Jun 27, 2024 | thursday 9:19 pm
Next, I will be going over some of the puzzles I thought were interesting from some classic concurrency problems I solved from here. Try to solve them first before looking at my (or the book’s) solution!
IMPORTANT: All of these puzzles mainly use semaphores to solve the concurrency problems. A semaphore is basically an integer that can only be incremented or decremented. When a thread decrements a semaphore, if the result is negative, the thread blocks itself until another thread increments the semaphore.
context: Two threads A and B must both complete statement x before either starts on statement y.
Thread A Thread B
--------- ---------
statement x statement x
--- Both must arrive before either can proceed ---
statement y statement y
my solution:
Global
---------
arrivedA = Semaphore(0)
arrivedB = Semaphore(0)
Thread A Thread B
--------- ---------
statement x statement x
arrivedA.signal() arrivedB.signal()
arrivedB.wait() arrivedA.wait()
--- Both must arrive before either can proceed ---
statement y statement y
justification: Considering there are two possible scenarios (either A or B finishes statement x first), I use to semaphores to keep track of whichever one occurs, the faster thread must wait on the other before proceeding.

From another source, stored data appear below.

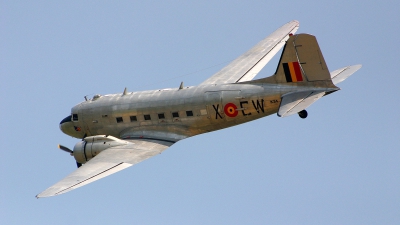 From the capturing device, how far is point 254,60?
59.3m

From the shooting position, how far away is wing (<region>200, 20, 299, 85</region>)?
5709 centimetres

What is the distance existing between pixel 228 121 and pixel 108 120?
292 inches

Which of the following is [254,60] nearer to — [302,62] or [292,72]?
[292,72]

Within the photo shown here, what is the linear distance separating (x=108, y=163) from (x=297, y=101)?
1025 centimetres

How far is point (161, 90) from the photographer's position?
5397 centimetres

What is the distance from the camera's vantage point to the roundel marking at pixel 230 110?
51.1 meters

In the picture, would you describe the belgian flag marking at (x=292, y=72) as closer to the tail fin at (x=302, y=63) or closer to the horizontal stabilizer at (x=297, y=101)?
the tail fin at (x=302, y=63)

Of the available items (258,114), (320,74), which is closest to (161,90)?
(258,114)

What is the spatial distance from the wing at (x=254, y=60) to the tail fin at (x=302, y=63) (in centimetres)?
642

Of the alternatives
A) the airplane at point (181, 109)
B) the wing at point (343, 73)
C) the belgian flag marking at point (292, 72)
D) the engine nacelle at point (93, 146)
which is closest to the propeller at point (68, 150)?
the airplane at point (181, 109)

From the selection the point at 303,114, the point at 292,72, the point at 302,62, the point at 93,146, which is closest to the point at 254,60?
the point at 303,114

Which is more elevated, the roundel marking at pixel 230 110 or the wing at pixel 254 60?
the wing at pixel 254 60

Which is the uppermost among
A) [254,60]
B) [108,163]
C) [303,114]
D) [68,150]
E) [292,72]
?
[254,60]

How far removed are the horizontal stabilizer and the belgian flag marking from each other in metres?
1.06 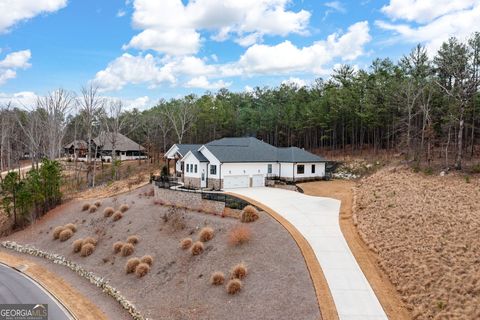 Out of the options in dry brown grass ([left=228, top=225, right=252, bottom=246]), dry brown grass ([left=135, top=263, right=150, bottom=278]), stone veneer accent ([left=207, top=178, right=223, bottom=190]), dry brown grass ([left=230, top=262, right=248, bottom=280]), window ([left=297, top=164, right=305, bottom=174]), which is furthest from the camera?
window ([left=297, top=164, right=305, bottom=174])

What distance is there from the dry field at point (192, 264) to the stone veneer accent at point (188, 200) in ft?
2.57

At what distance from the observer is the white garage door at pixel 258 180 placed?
34.9 meters

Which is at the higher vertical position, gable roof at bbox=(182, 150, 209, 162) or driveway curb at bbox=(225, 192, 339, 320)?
gable roof at bbox=(182, 150, 209, 162)

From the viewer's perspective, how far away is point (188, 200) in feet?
92.4

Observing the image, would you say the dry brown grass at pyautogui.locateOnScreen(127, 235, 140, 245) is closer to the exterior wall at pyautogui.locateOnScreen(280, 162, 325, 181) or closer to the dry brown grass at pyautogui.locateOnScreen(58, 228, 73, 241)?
the dry brown grass at pyautogui.locateOnScreen(58, 228, 73, 241)

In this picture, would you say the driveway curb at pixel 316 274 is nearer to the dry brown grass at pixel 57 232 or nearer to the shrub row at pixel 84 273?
the shrub row at pixel 84 273

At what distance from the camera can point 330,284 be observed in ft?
50.3

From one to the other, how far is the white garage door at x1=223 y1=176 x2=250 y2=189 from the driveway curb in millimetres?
10005

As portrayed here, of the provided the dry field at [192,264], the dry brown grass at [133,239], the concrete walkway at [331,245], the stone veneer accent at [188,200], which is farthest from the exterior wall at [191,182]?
the dry brown grass at [133,239]

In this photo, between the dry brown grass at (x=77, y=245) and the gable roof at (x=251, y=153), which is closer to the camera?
the dry brown grass at (x=77, y=245)

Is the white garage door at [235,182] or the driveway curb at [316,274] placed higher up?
the white garage door at [235,182]

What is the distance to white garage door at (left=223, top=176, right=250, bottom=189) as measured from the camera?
33094mm

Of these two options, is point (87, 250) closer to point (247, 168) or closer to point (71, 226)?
point (71, 226)

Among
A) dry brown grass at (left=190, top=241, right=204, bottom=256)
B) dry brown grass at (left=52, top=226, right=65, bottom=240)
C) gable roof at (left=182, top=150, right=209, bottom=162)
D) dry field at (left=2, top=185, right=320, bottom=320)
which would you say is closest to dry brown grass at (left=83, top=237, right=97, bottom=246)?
dry field at (left=2, top=185, right=320, bottom=320)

context: A generalization of a mutex, or mutual exclusion, only allows one thread in the critical region at a time. This generalization allows n threads in the critical region at the same time. Iconically it can be compared to a busy nightclub, where security enforces a maximum number of people allowed inside.
my solution:
Global
---------
n = ?
mutex = Semaphore(n)
Thread 1 ,..., Thread X
------------------------
mutex.wait()
〵(^ o ^)/ (dancing)
mutex.signal()
justification When one person enters the nightclub, the capacity goes up until the limit n. When someone leaves, the capacity goes down and security can let +1 person back in.
context: A generalization of rendezvous, n threads must finish running the rendezvous section before moving on.
my solution:
Global
---------
n = # of threads
mutex = Semaphore(n)
barrier = Semaphore(0)
Thread 1 ,..., Thread X
------------------------
rendezvous
mutex.wait()
count++
mutex.signal()
if count == n: barrier.signal()
barrier.wait()
barrier.signal()
〵(^ o ^)/ (More dancing)
justification Once count has reached n, one waiting thread is unblocked, allowing it to pass the barrier and signal another barrier. Thus, all threads are able to move through the barrier and dance!